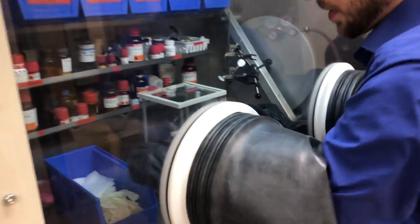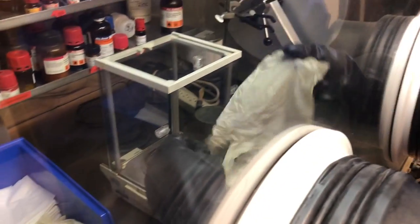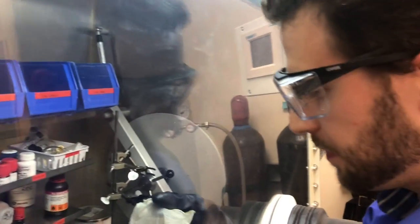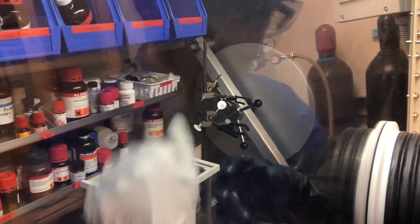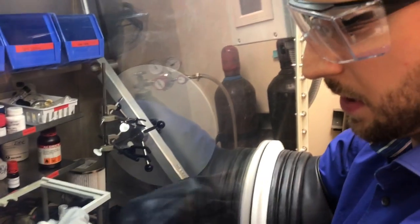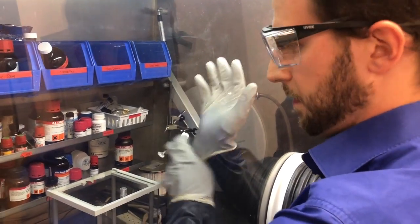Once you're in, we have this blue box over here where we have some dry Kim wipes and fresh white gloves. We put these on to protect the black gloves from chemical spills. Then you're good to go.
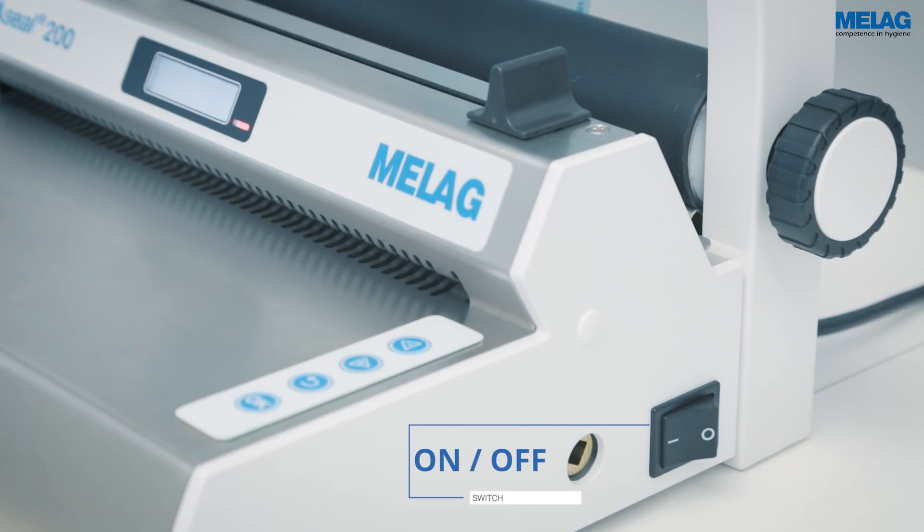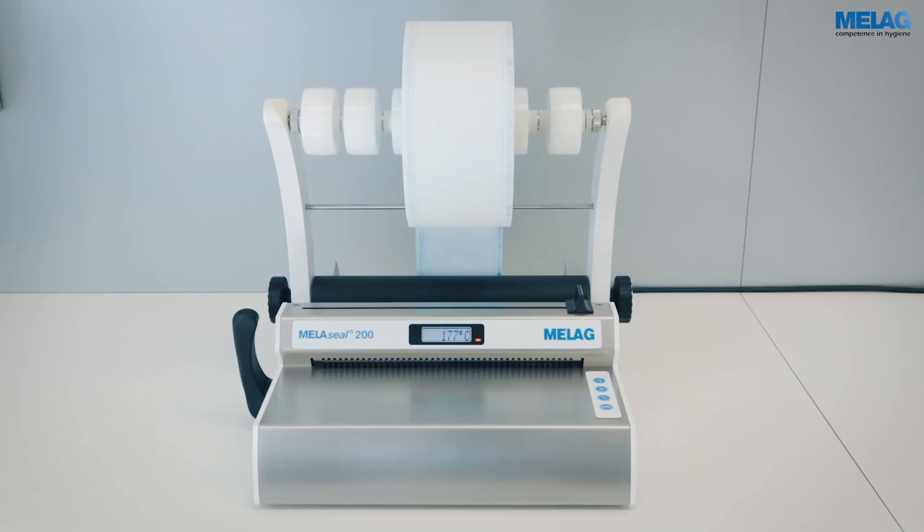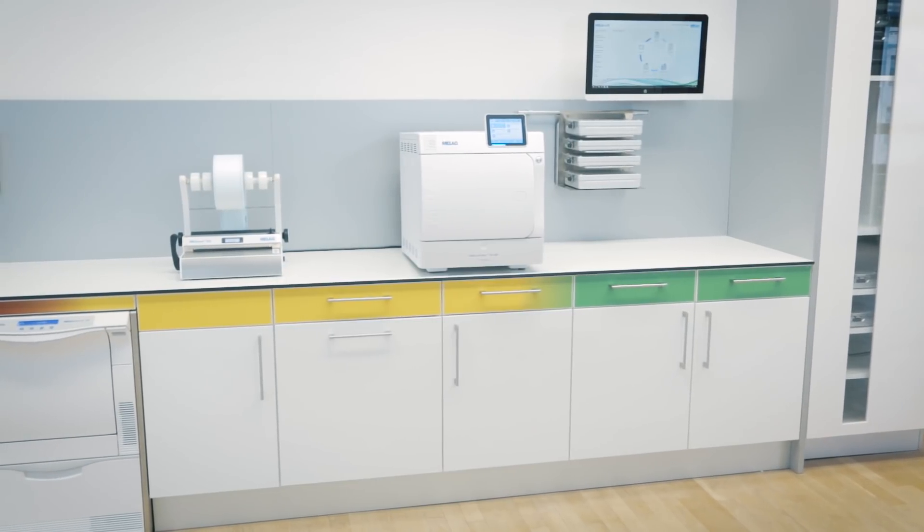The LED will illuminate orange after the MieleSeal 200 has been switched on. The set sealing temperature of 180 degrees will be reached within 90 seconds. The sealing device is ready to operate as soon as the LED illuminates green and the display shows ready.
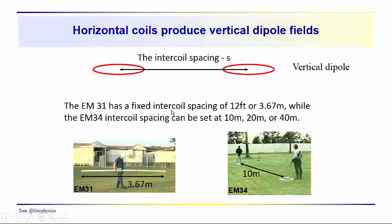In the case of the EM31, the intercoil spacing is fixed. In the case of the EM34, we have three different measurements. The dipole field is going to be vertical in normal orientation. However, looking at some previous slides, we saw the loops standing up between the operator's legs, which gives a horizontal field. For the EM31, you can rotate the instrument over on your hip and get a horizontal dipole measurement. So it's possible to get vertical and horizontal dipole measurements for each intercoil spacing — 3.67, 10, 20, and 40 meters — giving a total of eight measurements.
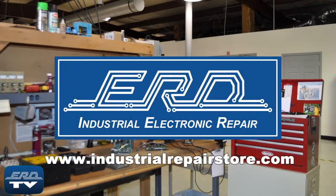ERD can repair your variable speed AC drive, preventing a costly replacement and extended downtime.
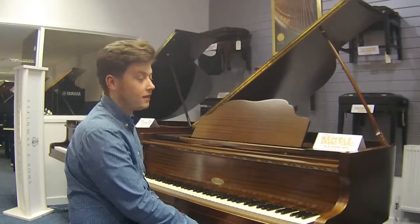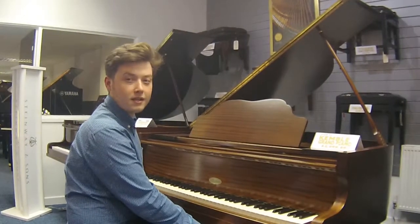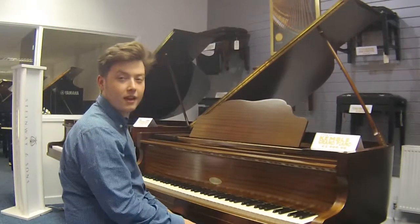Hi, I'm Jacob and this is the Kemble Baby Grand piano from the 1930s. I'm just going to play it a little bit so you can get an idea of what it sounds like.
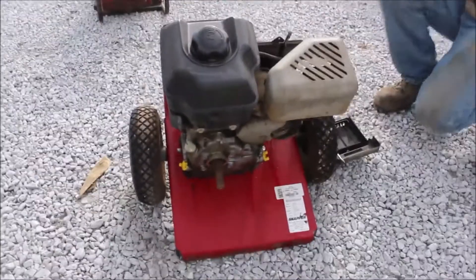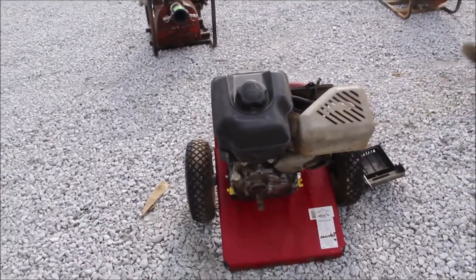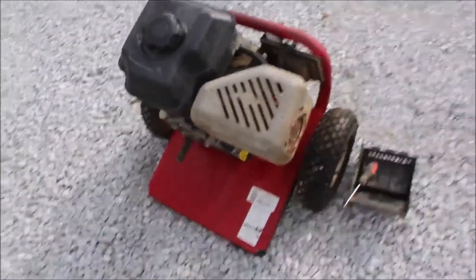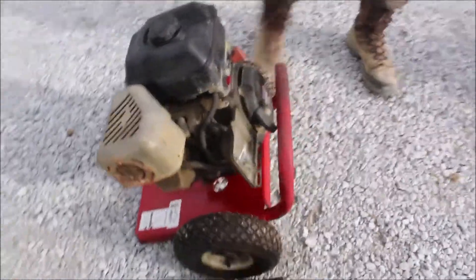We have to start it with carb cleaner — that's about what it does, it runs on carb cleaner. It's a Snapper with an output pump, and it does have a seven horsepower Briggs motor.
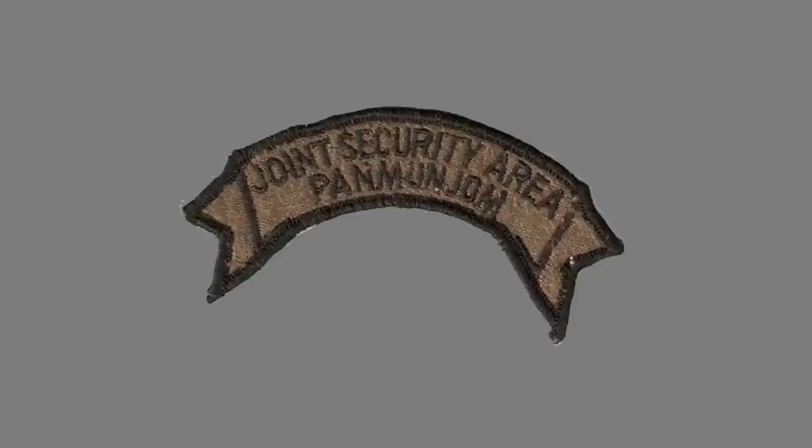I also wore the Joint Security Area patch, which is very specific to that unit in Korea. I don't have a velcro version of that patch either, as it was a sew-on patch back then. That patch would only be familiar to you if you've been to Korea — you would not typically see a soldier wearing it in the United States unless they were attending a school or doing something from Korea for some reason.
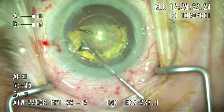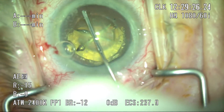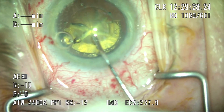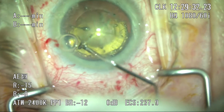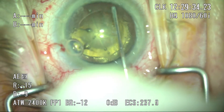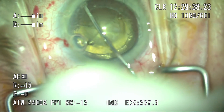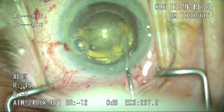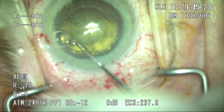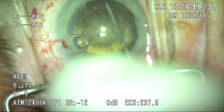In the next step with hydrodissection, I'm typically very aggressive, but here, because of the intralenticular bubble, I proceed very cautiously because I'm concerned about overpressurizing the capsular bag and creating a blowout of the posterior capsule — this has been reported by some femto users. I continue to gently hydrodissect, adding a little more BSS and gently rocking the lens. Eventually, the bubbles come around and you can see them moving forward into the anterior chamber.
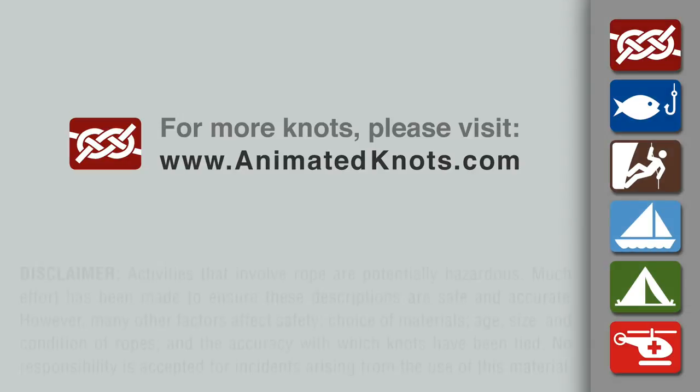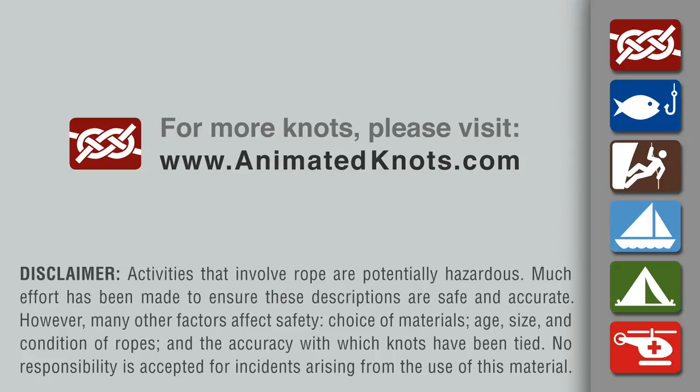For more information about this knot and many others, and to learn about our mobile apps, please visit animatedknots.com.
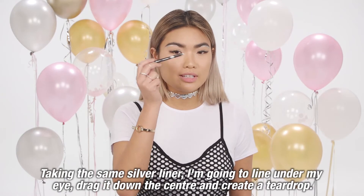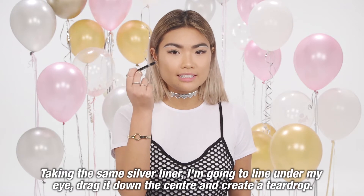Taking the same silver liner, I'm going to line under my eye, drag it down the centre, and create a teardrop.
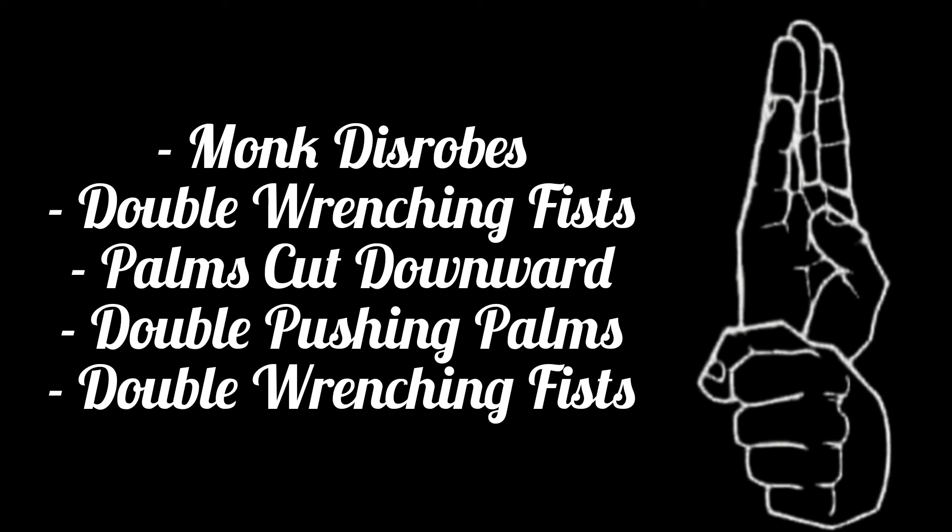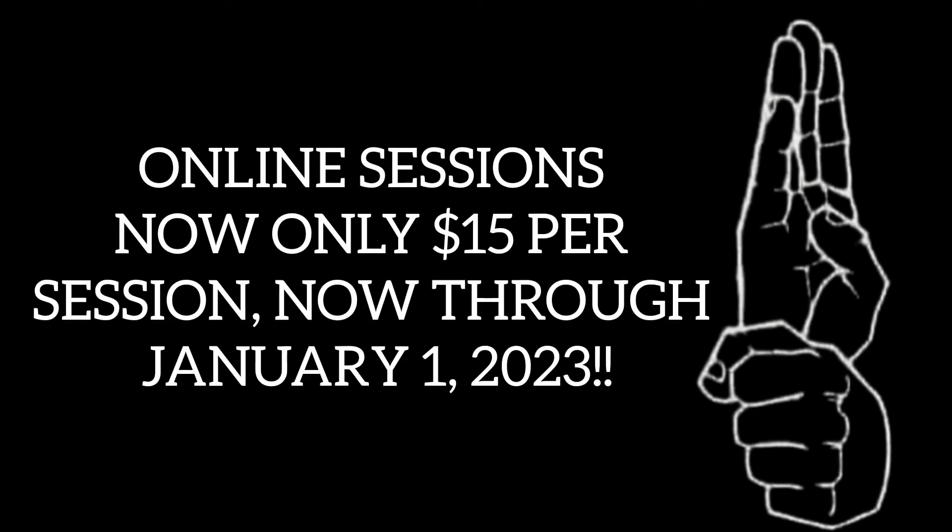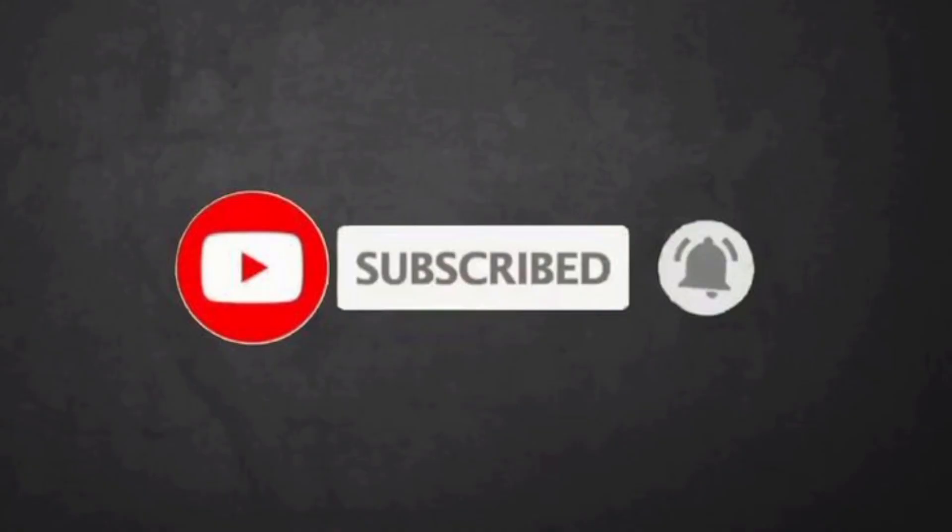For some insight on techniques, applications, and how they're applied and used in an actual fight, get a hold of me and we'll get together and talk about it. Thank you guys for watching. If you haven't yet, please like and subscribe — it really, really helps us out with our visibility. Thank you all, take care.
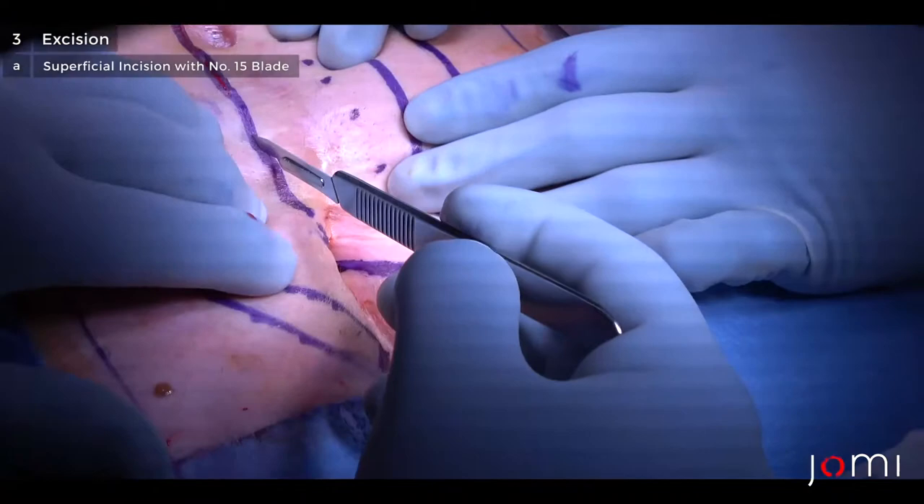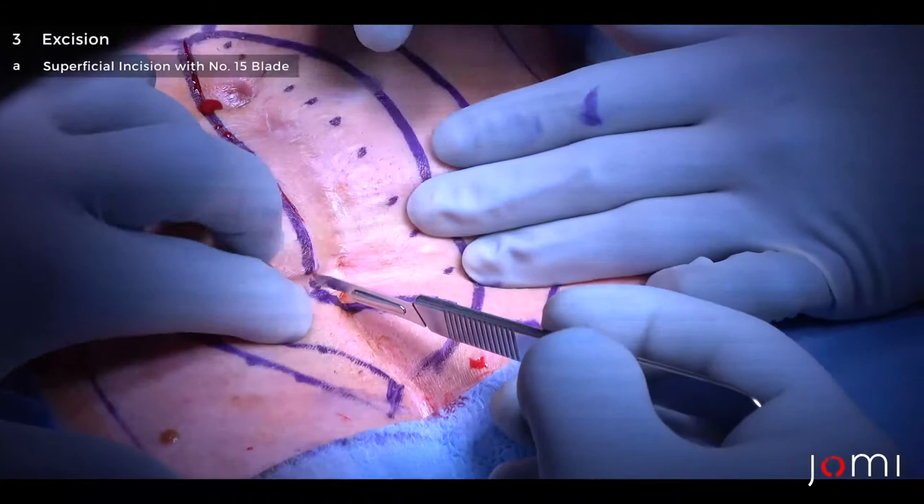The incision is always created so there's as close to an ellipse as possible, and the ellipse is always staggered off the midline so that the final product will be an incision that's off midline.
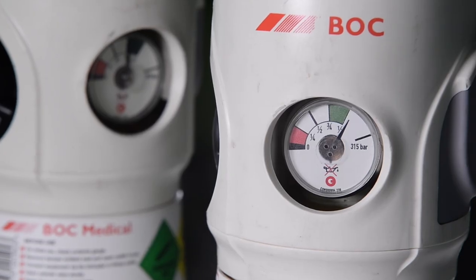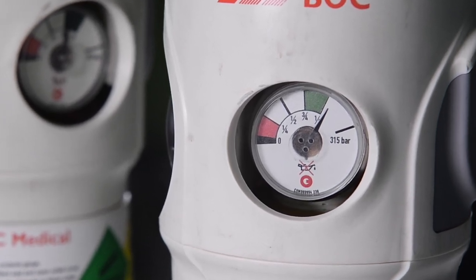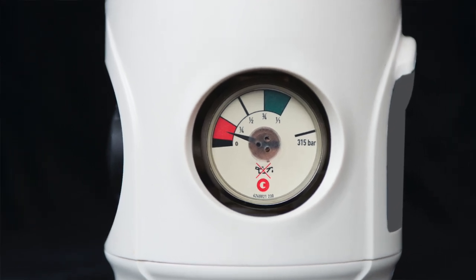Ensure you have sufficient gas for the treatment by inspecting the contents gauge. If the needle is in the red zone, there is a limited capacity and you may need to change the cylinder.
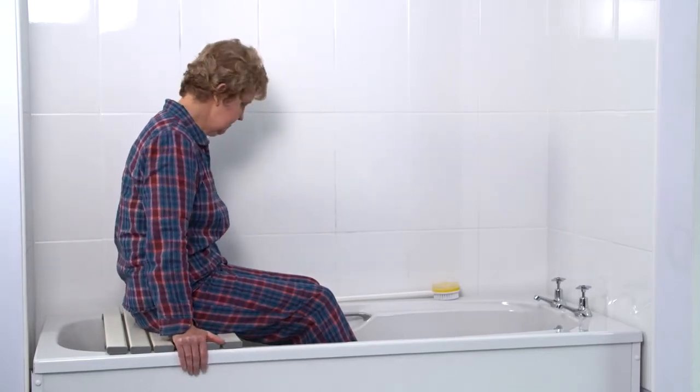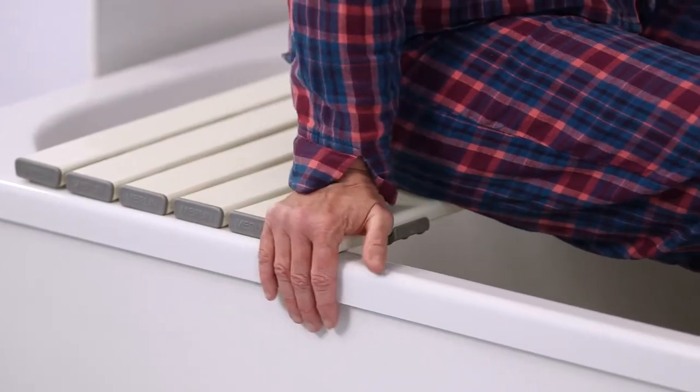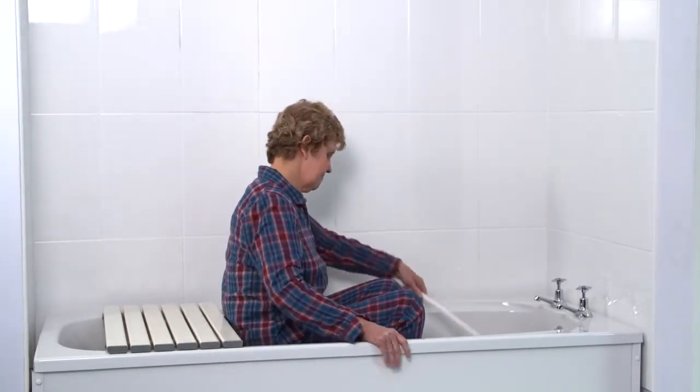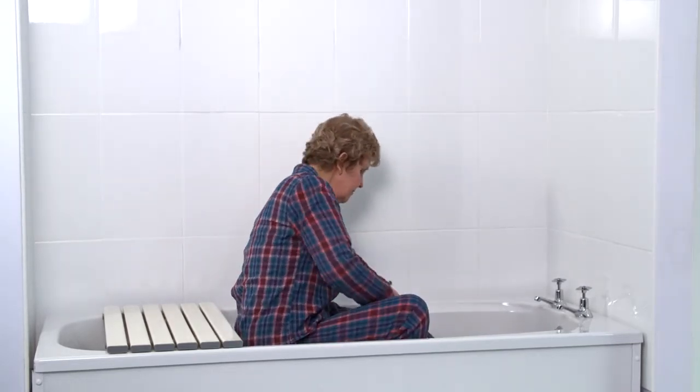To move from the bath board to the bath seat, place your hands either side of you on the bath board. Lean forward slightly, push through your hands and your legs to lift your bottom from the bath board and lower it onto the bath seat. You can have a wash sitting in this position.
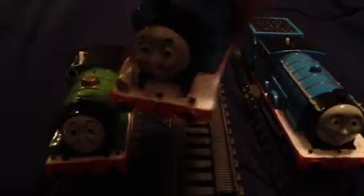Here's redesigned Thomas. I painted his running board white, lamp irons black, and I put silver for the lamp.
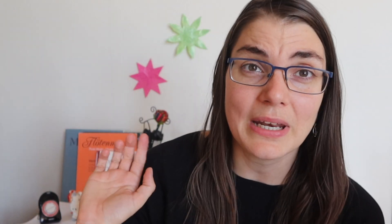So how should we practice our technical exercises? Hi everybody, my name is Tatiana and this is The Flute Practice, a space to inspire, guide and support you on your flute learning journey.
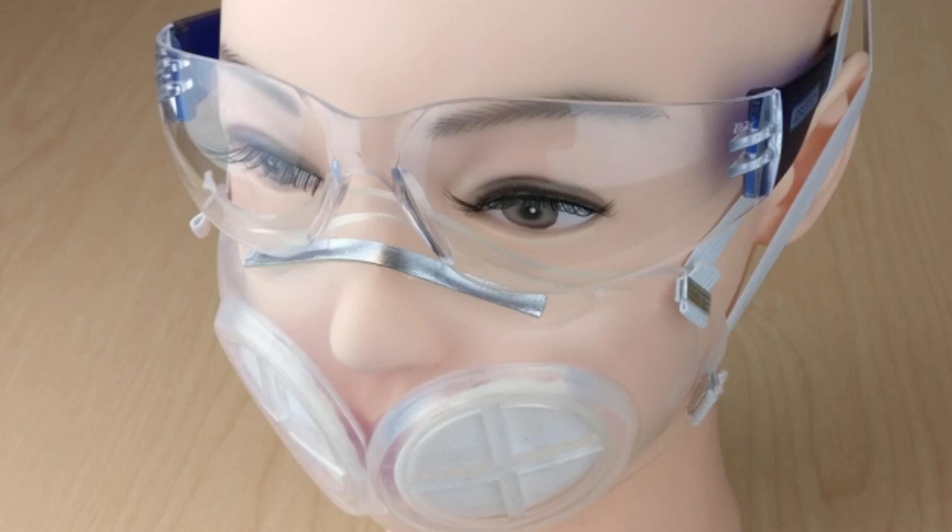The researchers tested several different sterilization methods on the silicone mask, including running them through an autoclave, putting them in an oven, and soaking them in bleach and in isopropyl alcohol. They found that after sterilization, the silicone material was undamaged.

________________________

### YOUR INSTRUCTIONS
Omit the pictures. Output every record above word for word.

### TASK ANSWER
Once you're in, we have this blue box over here where we have some dry Kim wipes and fresh white gloves. We put these on to protect the black gloves from chemical spills. Then you're good to go.
The LED will illuminate orange after the MieleSeal 200 has been switched on. The set sealing temperature of 180 degrees will be reached within 90 seconds. The sealing device is ready to operate as soon as the LED illuminates green and the display shows ready.
In the case of the EM31, the intercoil spacing is fixed. In the case of the EM34, we have three different measurements. The dipole field is going to be vertical in normal orientation. However, looking at some previous slides, we saw the loops standing up between the operator's legs, which gives a horizontal field. For the EM31, you can rotate the instrument over on your hip and get a horizontal dipole measurement. So it's possible to get vertical and horizontal dipole measurements for each intercoil spacing — 3.67, 10, 20, and 40 meters — giving a total of eight measurements.
ERD can repair your variable speed AC drive, preventing a costly replacement and extended downtime.
Hi, I'm Jacob and this is the Kemble Baby Grand piano from the 1930s. I'm just going to play it a little bit so you can get an idea of what it sounds like.
We have to start it with carb cleaner — that's about what it does, it runs on carb cleaner. It's a Snapper with an output pump, and it does have a seven horsepower Briggs motor.
I also wore the Joint Security Area patch, which is very specific to that unit in Korea. I don't have a velcro version of that patch either, as it was a sew-on patch back then. That patch would only be familiar to you if you've been to Korea — you would not typically see a soldier wearing it in the United States unless they were attending a school or doing something from Korea for some reason.
In the next step with hydrodissection, I'm typically very aggressive, but here, because of the intralenticular bubble, I proceed very cautiously because I'm concerned about overpressurizing the capsular bag and creating a blowout of the posterior capsule — this has been reported by some femto users. I continue to gently hydrodissect, adding a little more BSS and gently rocking the lens. Eventually, the bubbles come around and you can see them moving forward into the anterior chamber.
For more information about this knot and many others, and to learn about our mobile apps, please visit animatedknots.com.
Taking the same silver liner, I'm going to line under my eye, drag it down the centre, and create a teardrop.
For some insight on techniques, applications, and how they're applied and used in an actual fight, get a hold of me and we'll get together and talk about it. Thank you guys for watching. If you haven't yet, please like and subscribe — it really, really helps us out with our visibility. Thank you all, take care.
The incision is always created so there's as close to an ellipse as possible, and the ellipse is always staggered off the midline so that the final product will be an incision that's off midline.
Ensure you have sufficient gas for the treatment by inspecting the contents gauge. If the needle is in the red zone, there is a limited capacity and you may need to change the cylinder.
To move from the bath board to the bath seat, place your hands either side of you on the bath board. Lean forward slightly, push through your hands and your legs to lift your bottom from the bath board and lower it onto the bath seat. You can have a wash sitting in this position.
Here's redesigned Thomas. I painted his running board white, lamp irons black, and I put silver for the lamp.
So how should we practice our technical exercises? Hi everybody, my name is Tatiana and this is The Flute Practice, a space to inspire, guide and support you on your flute learning journey.
The researchers tested several different sterilization methods on the silicone mask, including running them through an autoclave, putting them in an oven, and soaking them in bleach and in isopropyl alcohol. They found that after sterilization, the silicone material was undamaged.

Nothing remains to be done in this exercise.